GENERAL NOTE:              The definitions and terms used in this Code of Ethics
                           are intended to mean the same as they do under the
                           1940 Act and other federal securities laws. If a
                           definition hereunder conflicts with the definition in
                           the 1940 Act or other federal securities laws, or if
                           a term used in this Code is not defined, you should
                           follow the definitions and meanings in the 1940 Act
                           or other federal securities laws, as applicable.


ACCESS PERSON means:

         [bullet] any trustee, director, officer or principal of the Portfolios
                  or of the Portfolio's investment adviser;

         [bullet] any employee of the Portfolios or of the Adviser (or of any
                  company in a CONTROL relationship to the Portfolios or The
                  Adviser) who, in connection with his or her regular functions
                  or duties, makes participates in, or obtains information
                  regarding the PURCHASE OR SALE OF SECURITIES by the Portfolios
                  or whose functions relate to the making of any recommendations
                  with respect to such PURCHASES OR SALES; and

         [bullet] any natural person in a CONTROL relationship with the
                  Portfolios or the Adviser, who obtains information concerning
                  recommendations made to the Portfolios with regard to the
                  purchase or sale of SECURITIES by the Portfolios.

         [bullet] as of June 30, 2000, the Adviser's Access Persons are: Bruce
                  M. Fox, Marty L. Robertson, Brian K. Turner, and Zane J.
                  Wilson.

AFFILIATED DIRECTOR means a director of the Adviser who is an "interested
person" of the Adviser within the meaning of Section 2(a)(19) of the 1940 Act.
As of June 30, 2000, the Adviser's Affiliated Director(s) are: None.

BENEFICIAL OWNERSHIP means the same as it does under Section 16 of the
Securities Exchange Act of 1934 and Rules 16a-1(a)(2) thereunder. You should
generally consider yourself to be the BENEFICIAL OWNER of any SECURITIES in
which you have a direct or indirect pecuniary interest. In addition, you should
consider yourself to be the BENEFICIAL OWNER of SECURITIES held by your spouse,
your minor children, a relative who shares your home, or other persons by reason
of any contract, arrangement, understanding or relationship that provides you
with sole or shared voting or investment power.

CONTROL means the same as it does under Section 2(a)(9) of the 1940 Act. Section
2(a)(9) provides that "CONTROL" means the power to exercise a controlling
influence over the

                                       9

<PAGE>


management or policies of a company, unless such power is solely the result of
an official position with such company. Ownership of 25% or more of a company's
outstanding voting securities is presumed to give the holder of such securities
CONTROL over the company.
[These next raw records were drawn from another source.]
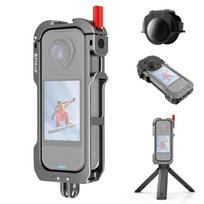 Insta360 X4 Air PULUZ Metalinis Apsauginis Narvas Išplėtimo Rėmas su Šalto Batuko Pagrindais & Objektyvo Dangteliu (Pilka) tamsiai pilka spalva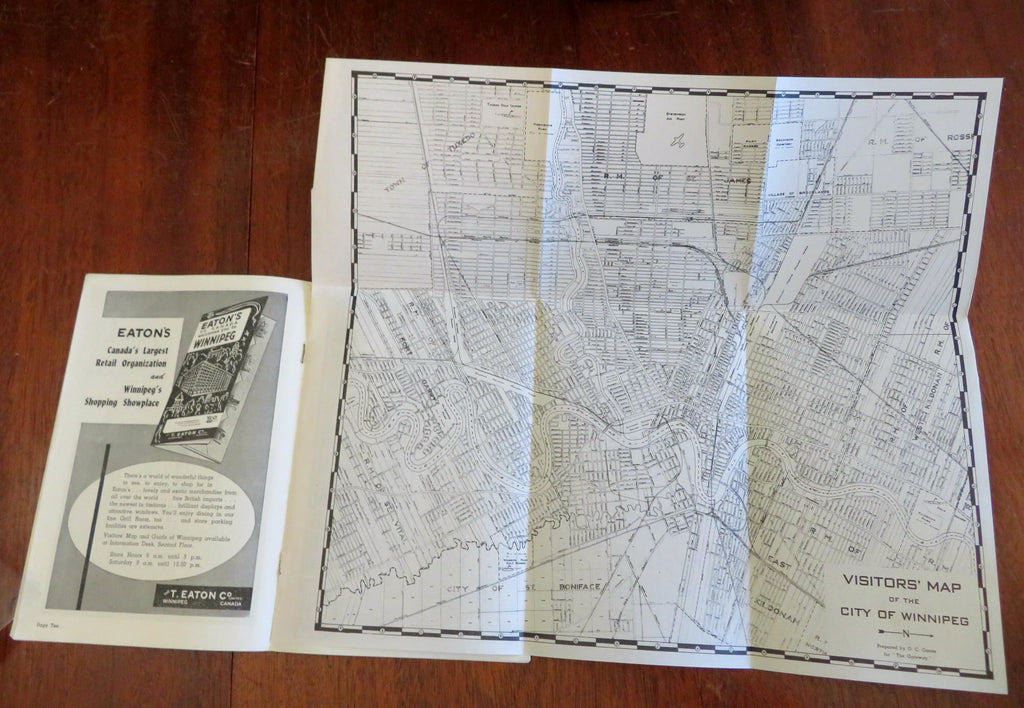 Winnipeg Canada large city plan map 1953 illustrated travel guide local history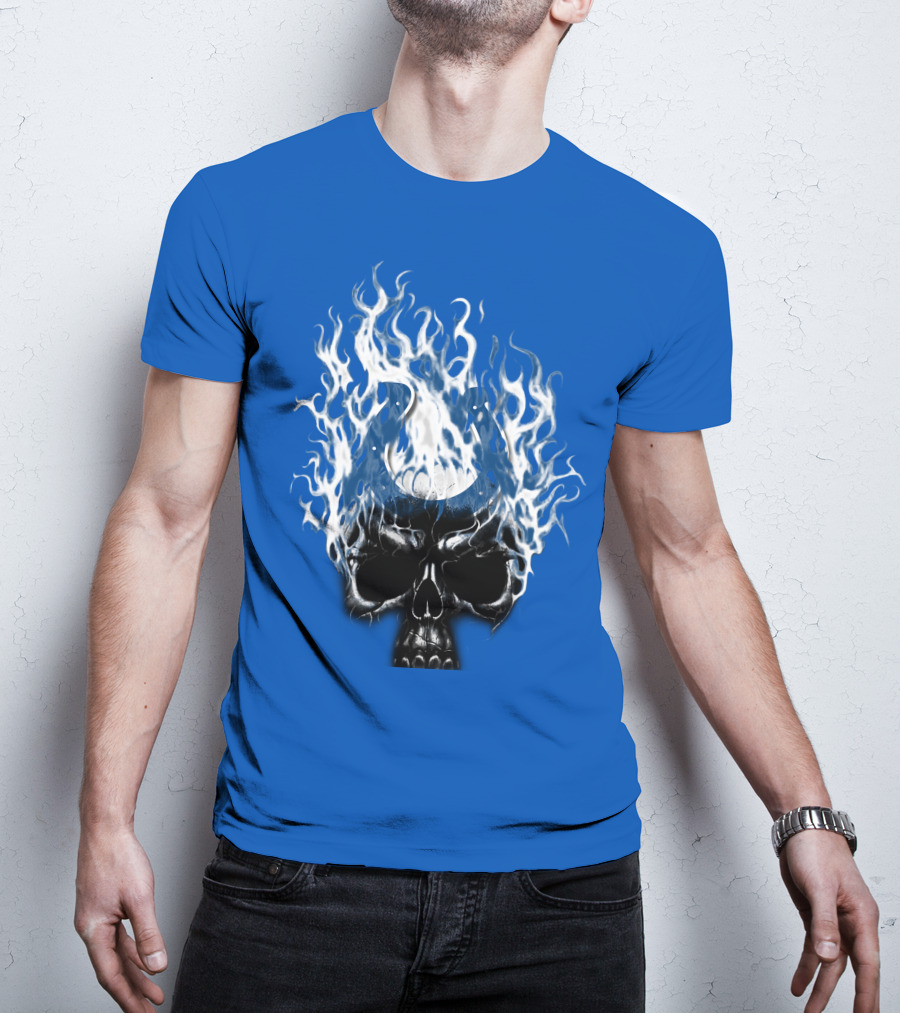Indianapolis Colts 04 Skull With Horseshoe And Flames T-Shirt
The facts and circumstances of a given situation may
counter this presumption.

HIGH QUALITY SHORT-TERM DEBT INSTRUMENT means any instrument that has a maturity
at issuance of less than 366 days and that is rated in one of the two highest
rating categories by a nationally recognized statistical rating organization
(e.g., Moody's Investor Service).

INITIAL PUBLIC OFFERING ("IPO") means an offering of SECURITIES registered under
the Securities Act of 1933, the issuer of which, immediately before
registration, was not subject to the reporting requirements of Section 14 or
Section 15(d) of the Securities Exchange Act of 1934.

INVESTMENT PERSONNEL of the Portfolios or of the Portfolios' Adviser means any
employee of the Portfolios or of the Adviser who, in connection with his or her
regular duties, makes or participates in making recommendations regarding the
purchase or sale of SECURITIES by the Portfolios. As of June 30, 2000, the
Adviser's INVESTMENT PERSONNEL are: Bruce M. Fox, Marty L. Robertson, Brian K.
Turner, and Zane J. Wilson.

LIMITED OFFERING means an offering that is exempt from registration under the
Securities Act of 1933 pursuant to Section 4(2), Section 4(6), Rule 504, Rule
505 or Rule 506 (e.g., private placements).
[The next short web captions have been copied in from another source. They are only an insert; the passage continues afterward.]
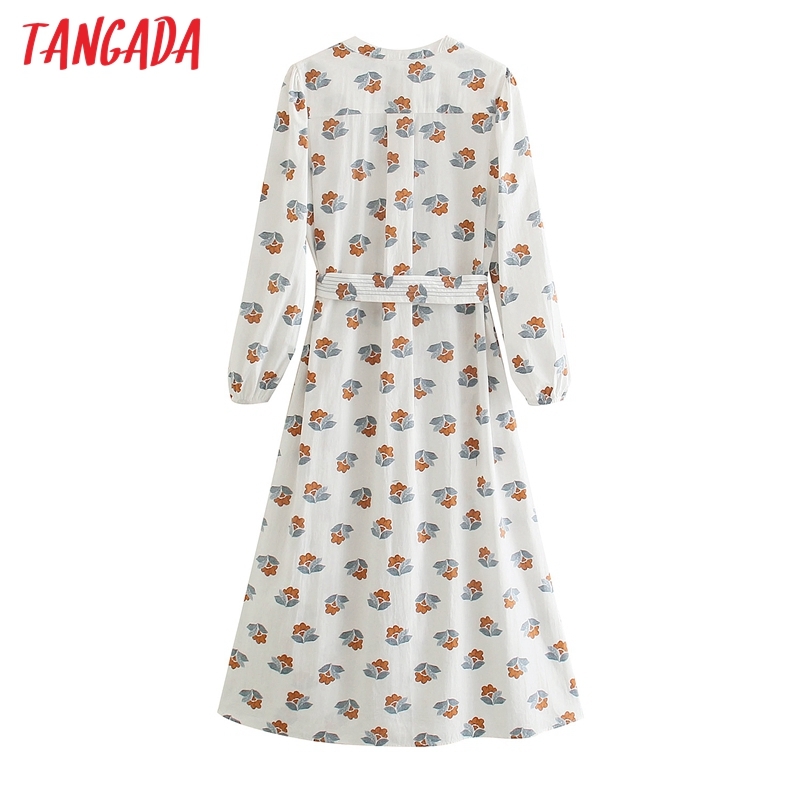 Women Chic Floral Print Shirt Dress with Belt Vintage Long Sleeve Female Midi Dresses BE465 210416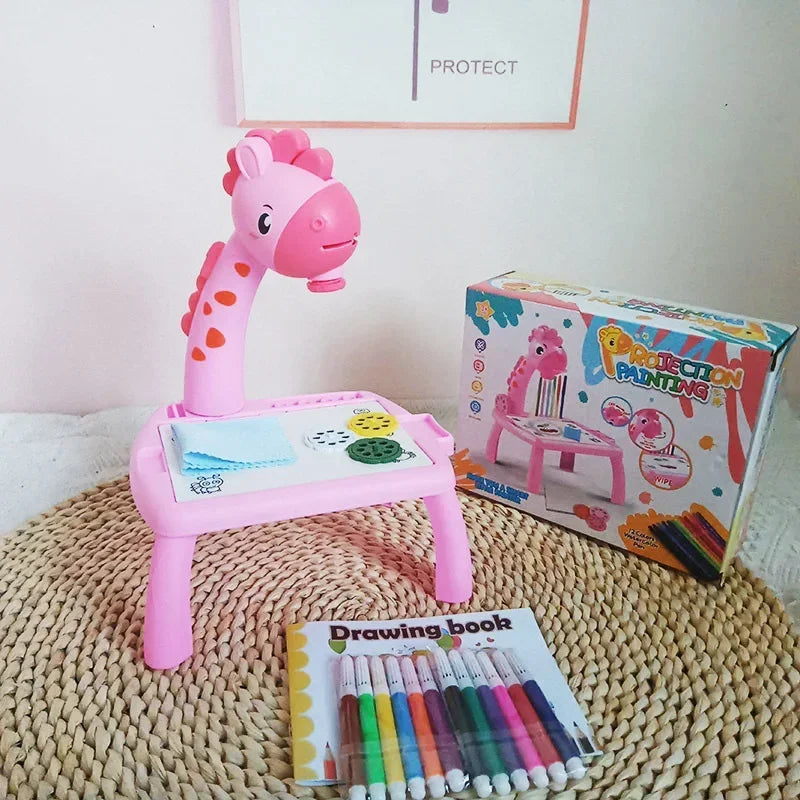 Kids' Creative LED Projector Drawing Table Toy, Multifunctional Educational Board with Rich Painting Set, Perfect Learning Tools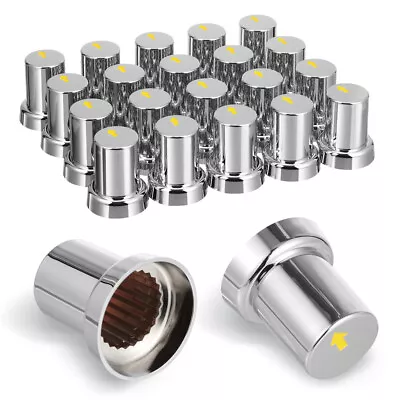 20pcs 33mm Semi Truck Wheel Lug Nut Bolt Covers Chrome Plated ABS Protector Caps • $42.69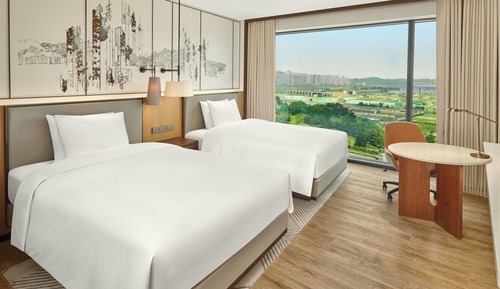 Habitación Deluxe, 2 camas dobles, no fumadores, vistas al jardín
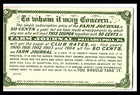 Philadelphia Pa Farm Journal Club Rate Subscription Coupon 1900          E2-1-3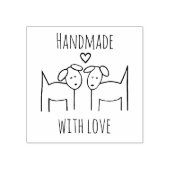 Honden met hart handgemaakt met liefde rubberstempel (Afrduk)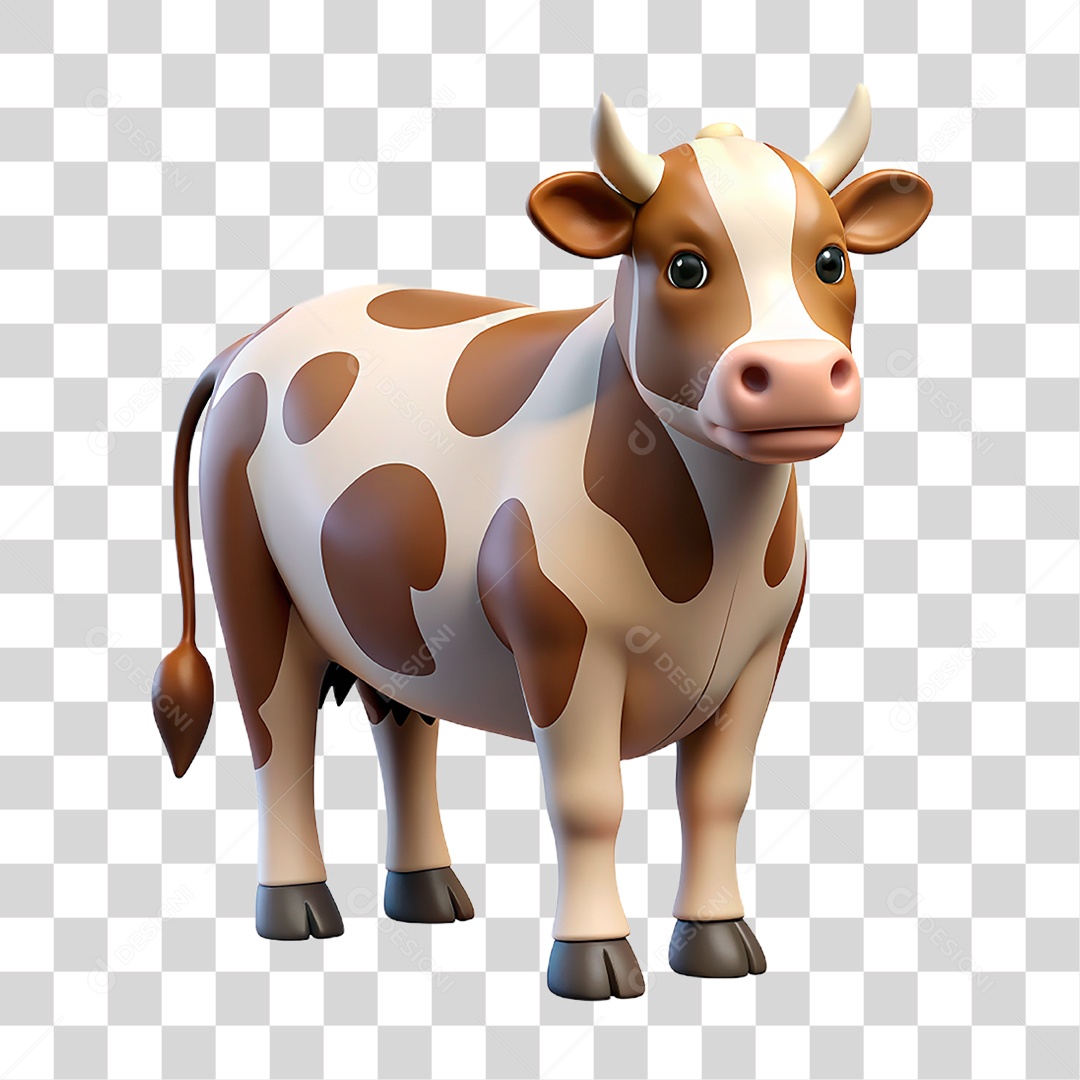 Mascote 3D Vaca Pintada PNG Transparente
NONAFFILIATED DIRECTOR means a director of the Adviser who is not an "interested
person" of the Adviser within the meaning of Section 2(a)(19) of the 1940 Act.
As of June 30, 2000, the Adviser's NONAFFILIATED DIRECTORS are: None.
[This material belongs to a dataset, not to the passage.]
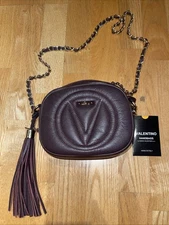 Mario Valentino Beautiful Leather Crossbody Bag In Eggplant Purple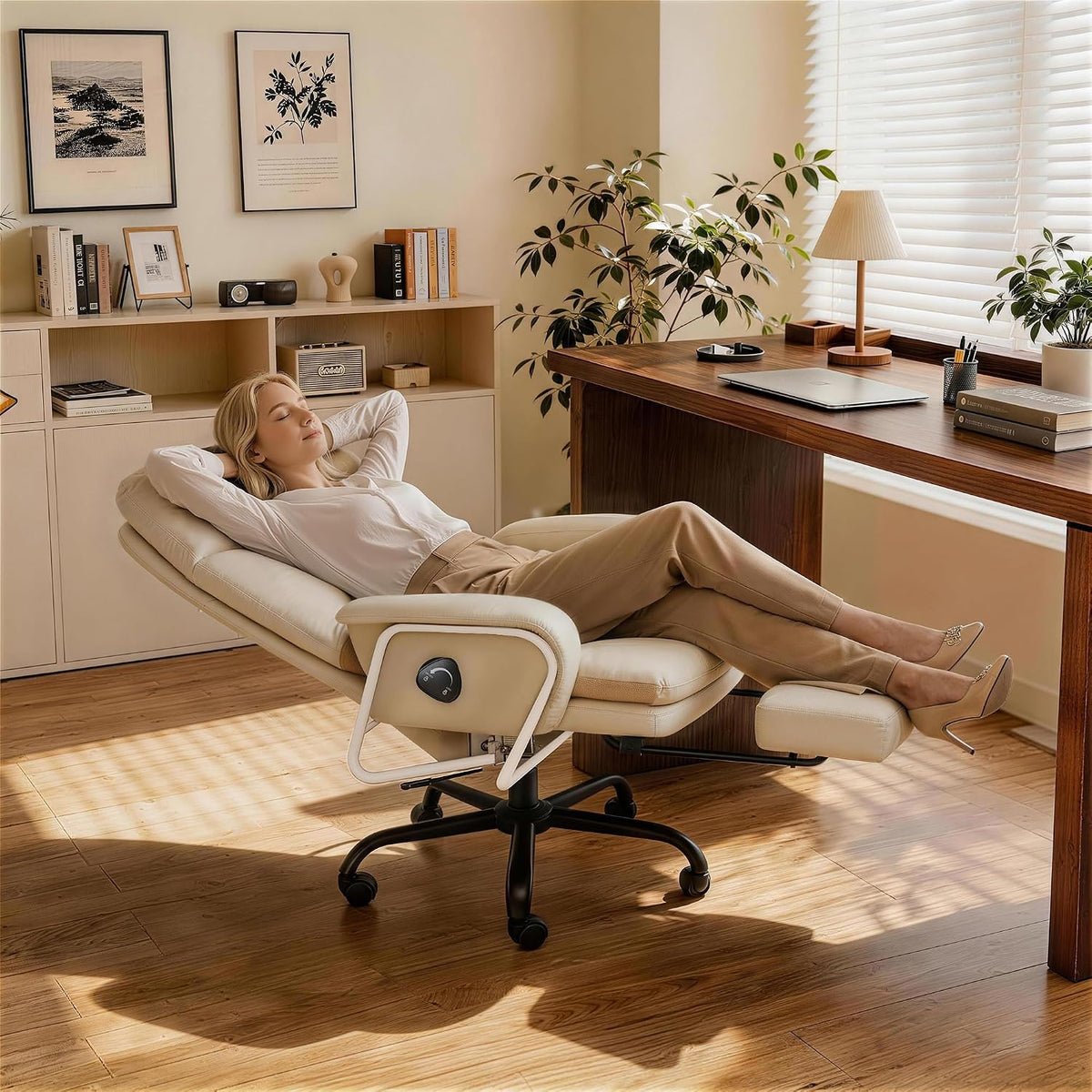180° Reclining Office Chair with Footrest, PU Leather, Beige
OFFICER of the Adviser means any person lawfully elected by the Board of the
Adviser or otherwise appointed and authorized to act on behalf of the Adviser.
As of June 30, 2000, the Adviser's OFFICERS are: Bruce M. Fox (Principal).

PURCHASE OR SALE OF A SECURITY includes, among other things, the writing of an
option to purchase or sell a SECURITY.

SECURITY means the same as it does under Section 2(a)(36) of the 1940 Act,
except that it does not include direct obligations of the U.S. government or its
agencies, bankers' acceptances, bank certificates of deposit, commercial paper,
HIGH QUALITY SHORT-TERM DEBT INSTRUMENTS (including repurchase agreements), or
shares issued by registered open-end investment companies.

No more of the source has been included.